[MATERIAL SHOWN]
•••••

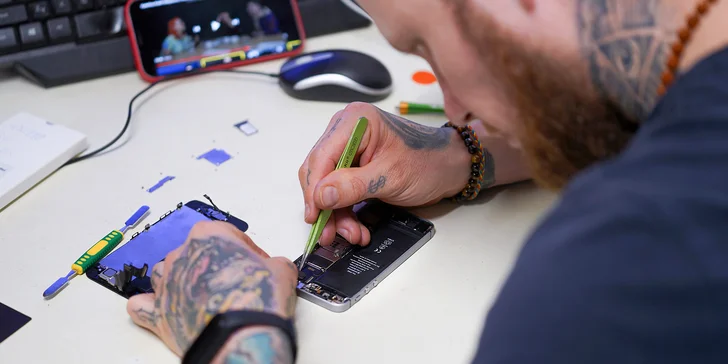 Péče z iLoveServis o mobil nebo tablet: čištění, voděodolnost nebo nová baterie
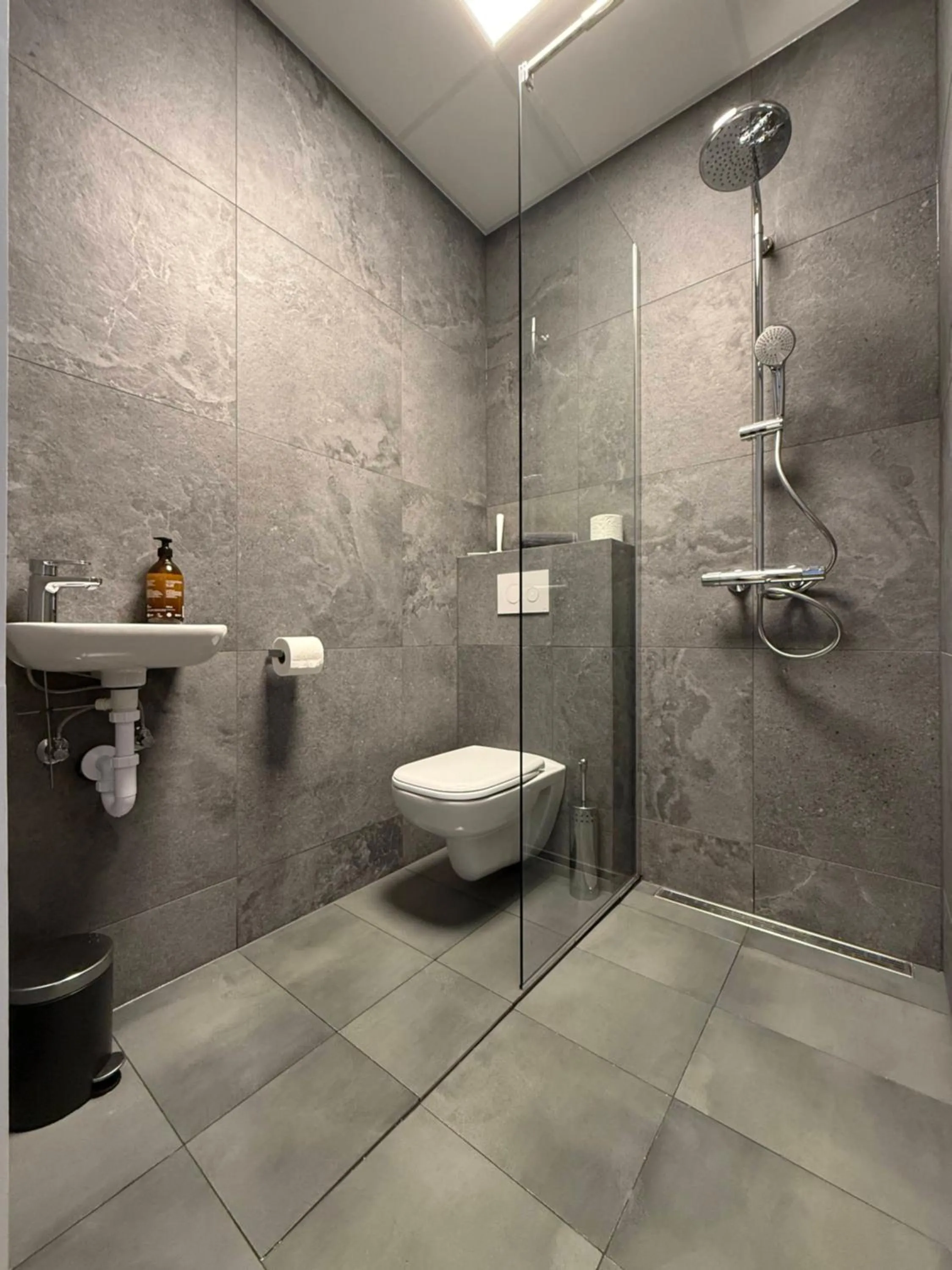 Bathroom in The Freezer Hostel & Culture Center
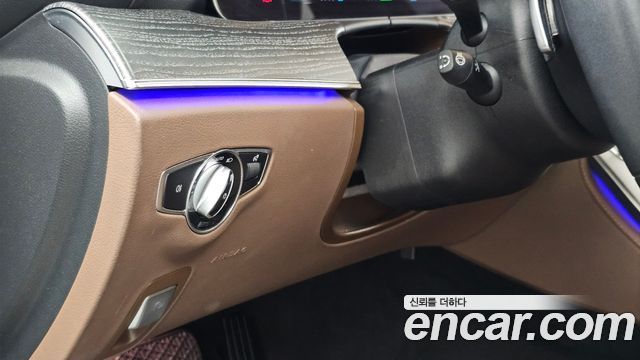 Mercedes-Benz E-Class 2022 — photo 27
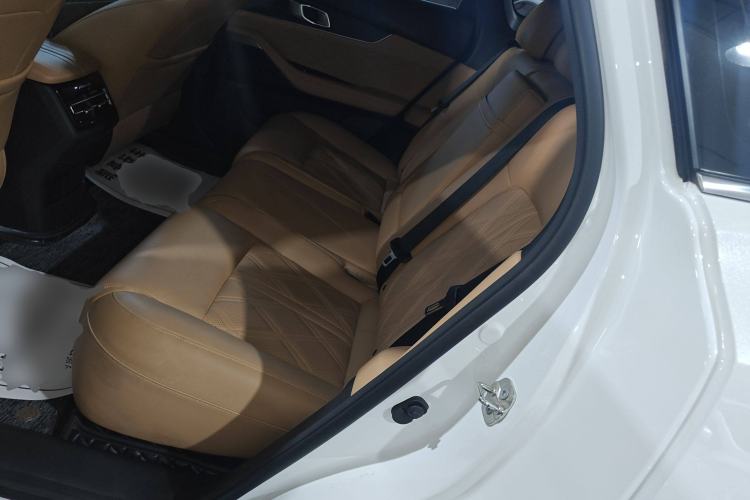 Used CHANGAN UNI-K 2024 2.0T Two-Wheel Drive Global Edition Left Rear Seat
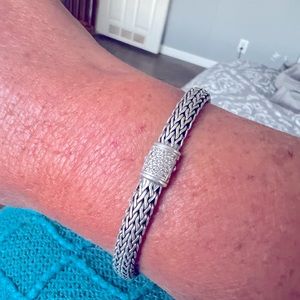 John Hardy bracelet with diamonds 7in Sterling Silver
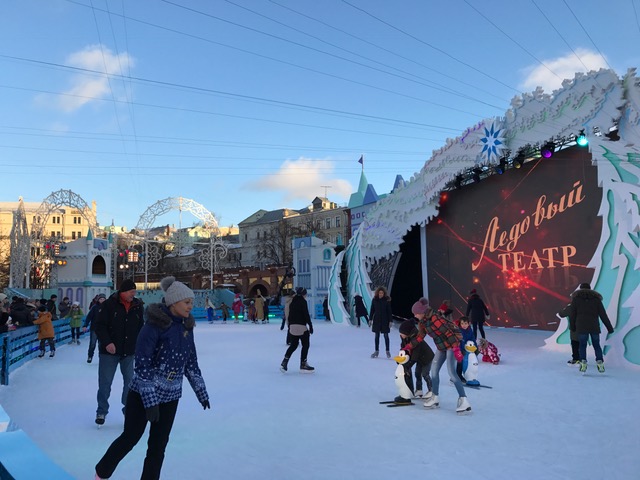 あちこちに出現するスケートリンク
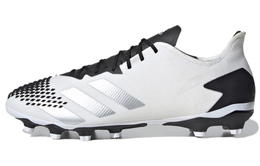 Adidas: Кроссовки  Predator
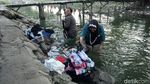 Potret Warga Mencuci Baju di Sungai Cisadane Tangerang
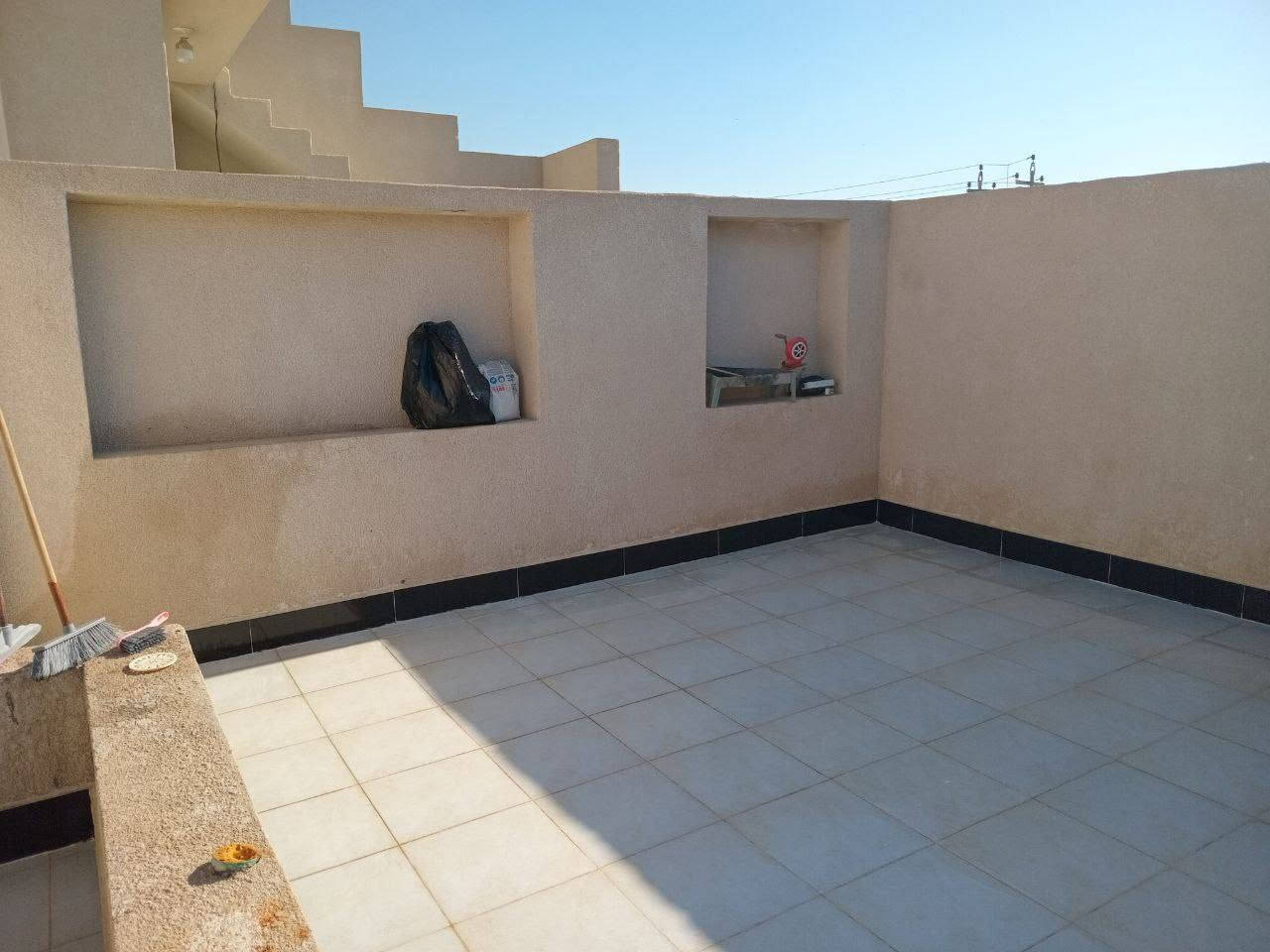 يا الله
السلام عليكم بيت ١٠٠ متر طابقين في حي الخضراء مقابل المعارض طابوك ومواد درجة أولى البيت يباع مع الاثاث وبدون الاثاث السعر خاص او الاتصال على الرقم ***********
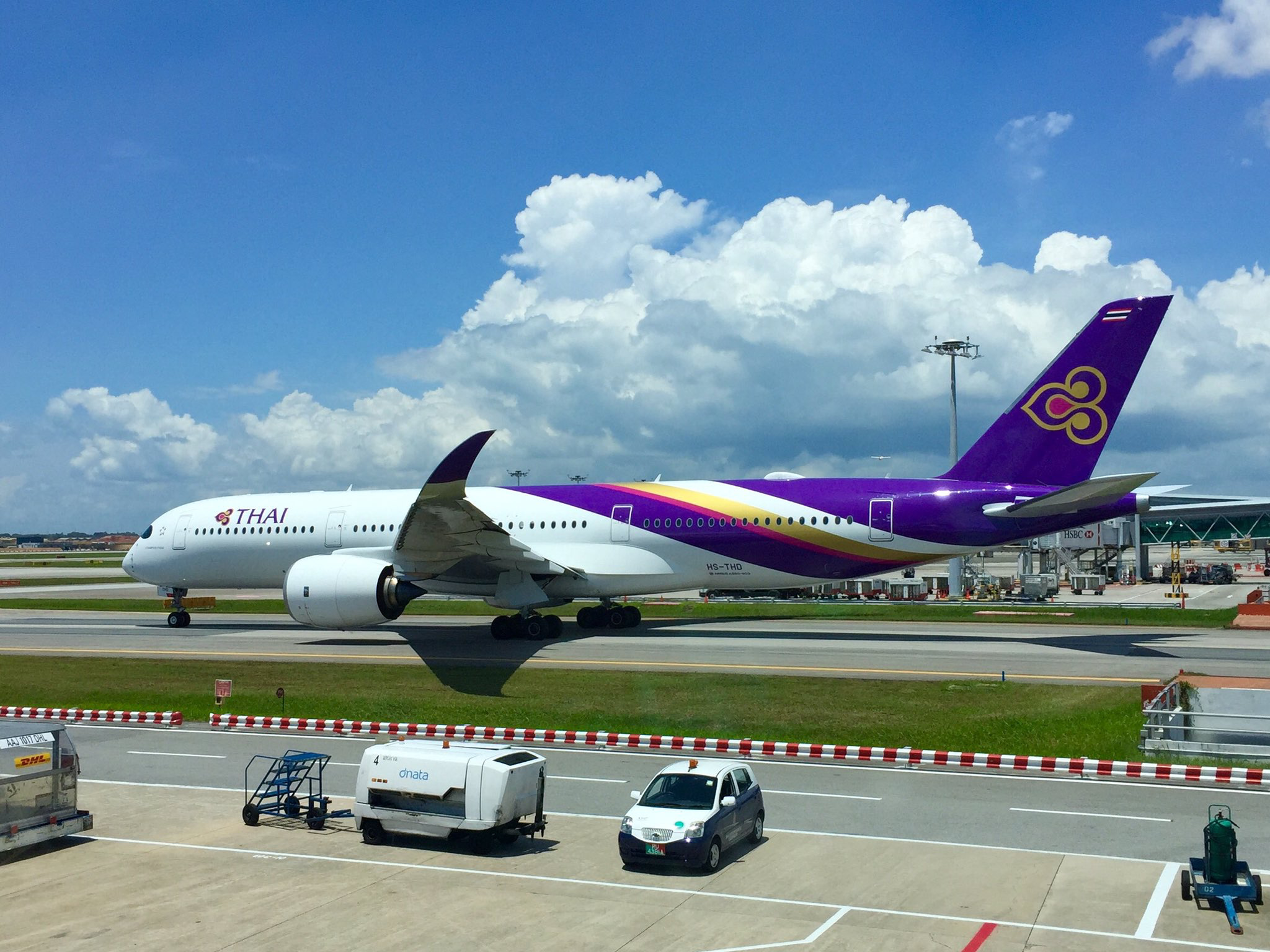 Thai Airways International, Airbus A350 941xwb, Flight experience, Cabin comfort, 2050x1540 HD Desktop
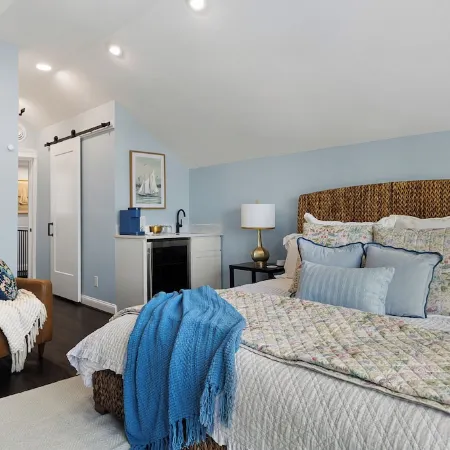 Luxury 2-bedroom house with Water views, Chesapeake City
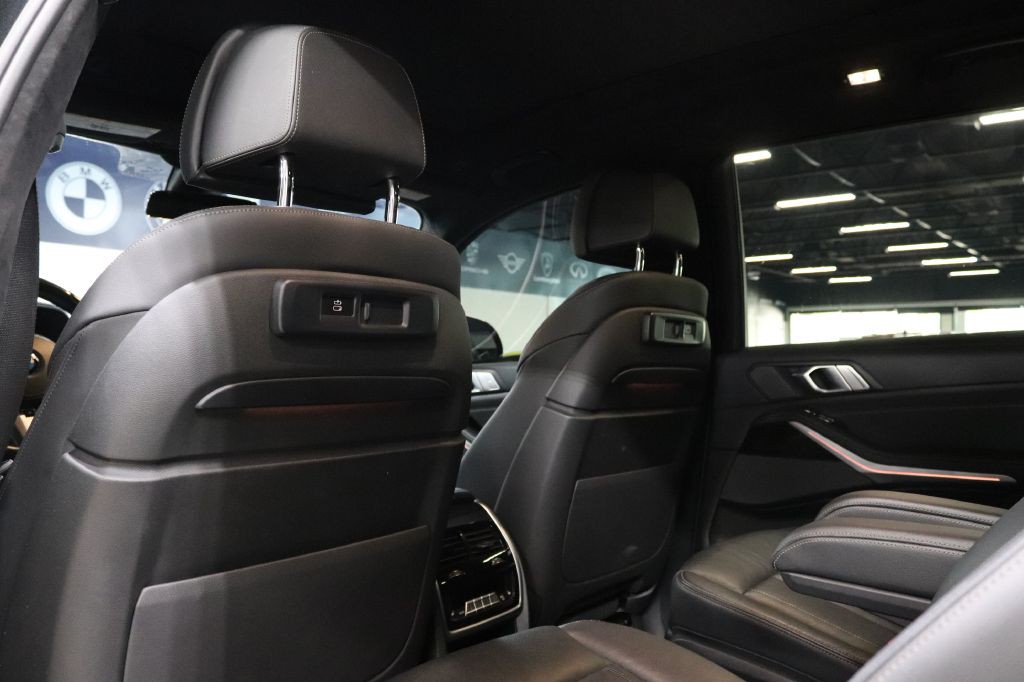 2021 BMW X7 Image 22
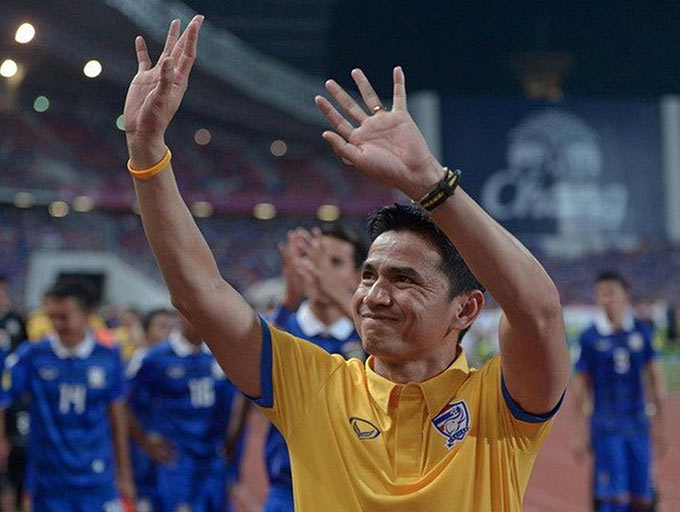 Kiatisak đưa Thái Lan vào vòng loại thứ 3 World Cup 2018 
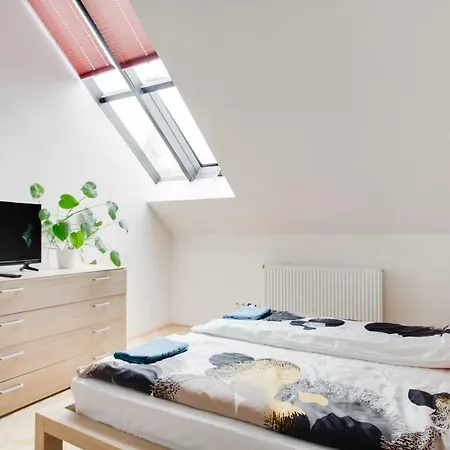Apartmán Attic With Terrace And And Two Bedrooms Praha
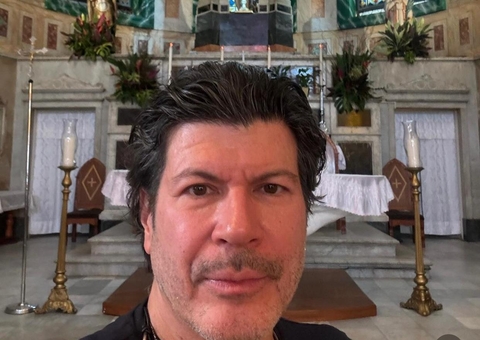 Paulo Ricardo visita igreja de Manaus que o inspirou para capa do novo álbum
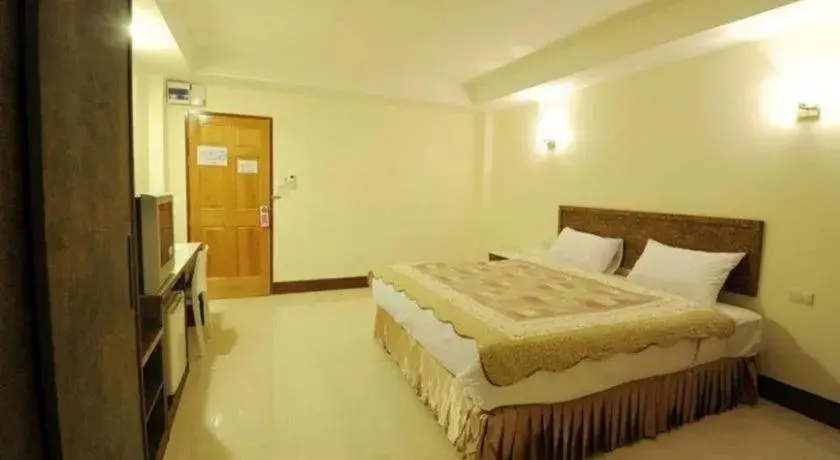 Bed in Trat Center Hotel Bed in Trat Center Hotel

•••••

[WORK TO BE COMPLETED] Repeat the listing in full and exactly. Leave any pictures out.

[ANSWER TO THIS PROBLEM]
 Péče z iLoveServis o mobil nebo tablet: čištění, voděodolnost nebo nová baterie
 Bathroom in The Freezer Hostel & Culture Center
 Mercedes-Benz E-Class 2022 — photo 27
 Used CHANGAN UNI-K 2024 2.0T Two-Wheel Drive Global Edition Left Rear Seat
 John Hardy bracelet with diamonds 7in Sterling Silver
 あちこちに出現するスケートリンク
 Adidas: Кроссовки  Predator
 Potret Warga Mencuci Baju di Sungai Cisadane Tangerang
 يا الله
السلام عليكم بيت ١٠٠ متر طابقين في حي الخضراء مقابل المعارض طابوك ومواد درجة أولى البيت يباع مع الاثاث وبدون الاثاث السعر خاص او الاتصال على الرقم ***********
 Thai Airways International, Airbus A350 941xwb, Flight experience, Cabin comfort, 2050x1540 HD Desktop
 Luxury 2-bedroom house with Water views, Chesapeake City
 2021 BMW X7 Image 22
 Kiatisak đưa Thái Lan vào vòng loại thứ 3 World Cup 2018 
Apartmán Attic With Terrace And And Two Bedrooms Praha
 Paulo Ricardo visita igreja de Manaus que o inspirou para capa do novo álbum
 Bed in Trat Center Hotel Bed in Trat Center Hotel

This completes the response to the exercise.